Another Simple Example of Double Integral Evaluation
We aim to evaluate the following double integral:
∫₀¹ ∫₀¹ (x + y²) dy dx
Step 1: Integrate with respect to \( y \)
First, we focus on the inner integral, which is with respect to \( y \):
∫₀¹ (x + y²) dy
This simplifies to:
x[y]₀¹ + [y³/3]₀¹ = x(1 – 0) + (1/3 – 0) = x + 1/3
Step 2: Integrate with respect to \( x \)
Next, we integrate the resulting expression with respect to \( x \):
∫₀¹ (x + 1/3) dx
Applying the power rule for integration, we get:
[x²/2]₀¹ + [x/3]₀¹ = 1/2 + 1/3 = 5/6
Final Result
The value of the double integral is \( 5/6 \).

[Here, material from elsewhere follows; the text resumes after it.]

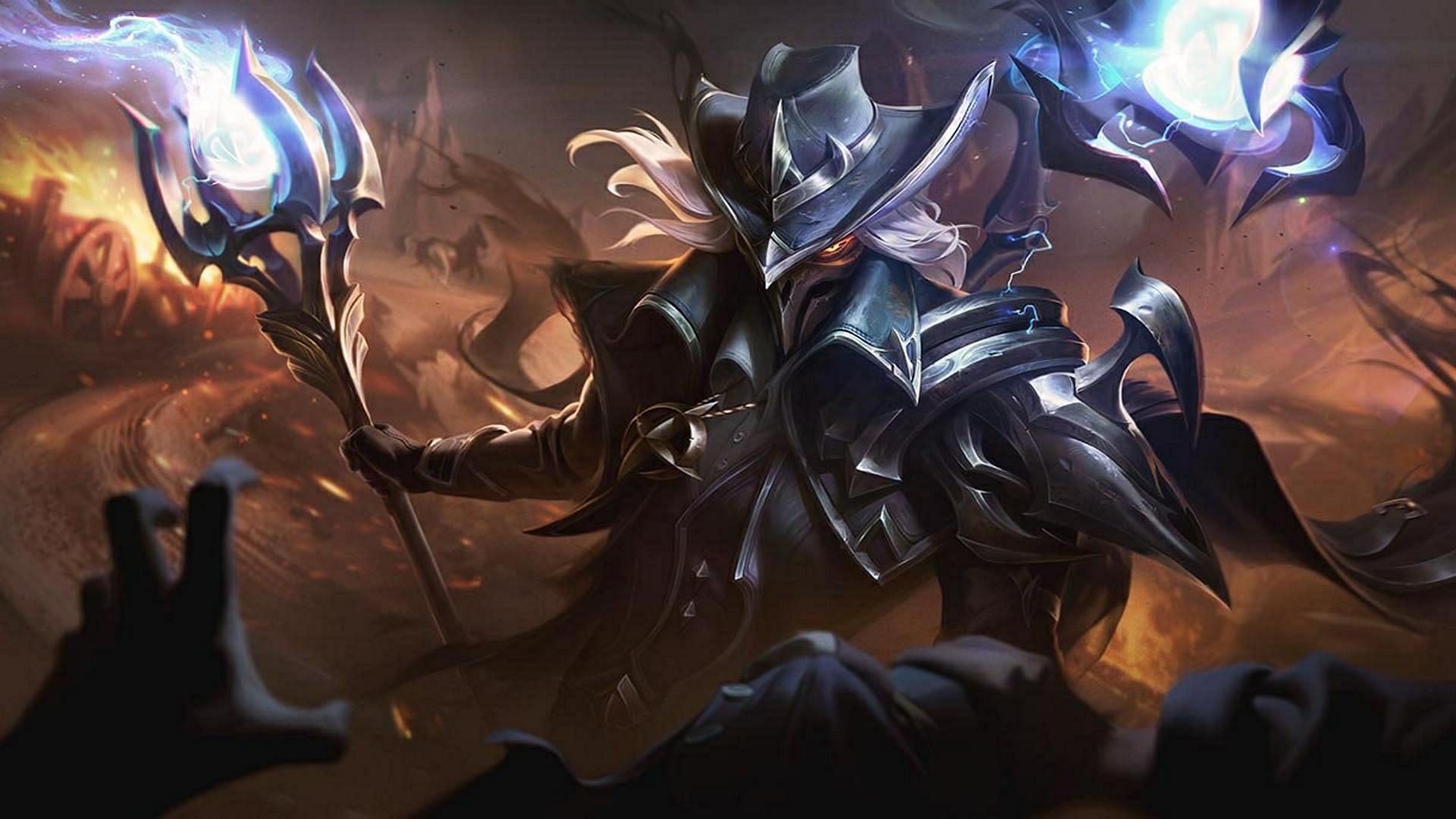 High Noon Viktor in League of Legends (Image via Riot Games)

Yet Another Simple Example of Double Integral Evaluation
We aim to evaluate the following double integral:
∫₀² ∫₀¹ (2x + 3y) dy dx
Step 1: Integrate with respect to \( y \)
First, we tackle the inner integral, which is with respect to \( y \):
∫₀¹ (2x + 3y) dy
This simplifies to:
2x[y]₀¹ + 3[y²/2]₀¹ = 2x(1 – 0) + 3(1/2 – 0) = 2x + 3/2
Step 2: Integrate with respect to \( x \)
Next, we integrate the resulting expression with respect to \( x \):
∫₀² (2x + 3/2) dx
Applying the power rule for integration, we get:
2[x²/2]₀² + 3/2[x]₀² = 2(2 – 0) + 3/2(2 – 0) = 4 + 3 = 7
Final Result
The value of the double integral is \( 7 \).